The Shangla suicide attack is the fourth major strike in Pakistan this week. On Oct. 5, a suicide bomber killed five UN workers in an attack at the World Food Program office in Islamabad. On Oct. 9, a suicide bomber killed 49 civilians in an attack at a bazaar in Peshawar. On Oct. 10, an assault team attacked the Army General Headquarters and took 42 security personnel captive. Eleven soldiers were killed, including a brigadier general and a lieutenant colonel, along with nine members of the assault team; and 39 hostages were freed.

Today’s attack in Shangla is the latest in a region the military recently proclaimed to be cleared of the Taliban. Earlier this year, the military launched an offensive against Taliban forces led by Mullah Fazlullah, the radical leader of the Taliban in Swat and the surrounding districts of Dir, Buner, and Shangla. Six of the 21 top Taliban leaders wanted by the government have been killed or captured, but Fazlullah and some key military commanders are still on the loose.

The Swat Taliban dispersed its forces in the region as the military launched its offensive. Since April, the Taliban have established bases in the districts of Shangla, Mansehra, Haripur, Battagram, Mardan, and Swabi.
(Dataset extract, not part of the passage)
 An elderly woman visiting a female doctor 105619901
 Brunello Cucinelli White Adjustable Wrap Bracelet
Taliban units ranging from 50 to 150 fighters fanned out through the districts with no resistance from the military, despite the military’s claim it had established blocking positions to prevent the Taliban from retreating from the battlefield and bleeding into bordering districts.
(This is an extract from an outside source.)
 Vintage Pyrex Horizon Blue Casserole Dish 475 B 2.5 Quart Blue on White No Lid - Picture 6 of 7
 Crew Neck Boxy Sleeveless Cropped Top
The military says an offensive against the Taliban in South Waziristan is imminent. Yesterday 16 Taliban fighters were killed in an airstrike in South Waziristan. But the military will move only against the Mehsud branch of the Taliban, and will leave Taliban commanders Mullah Nazir and Hafiz Gul Bahadar and the Haqqani family untouched.

Bill Roggio is a Senior Fellow at the Foundation for Defense of Democracies and the Editor of FDD's Long War Journal.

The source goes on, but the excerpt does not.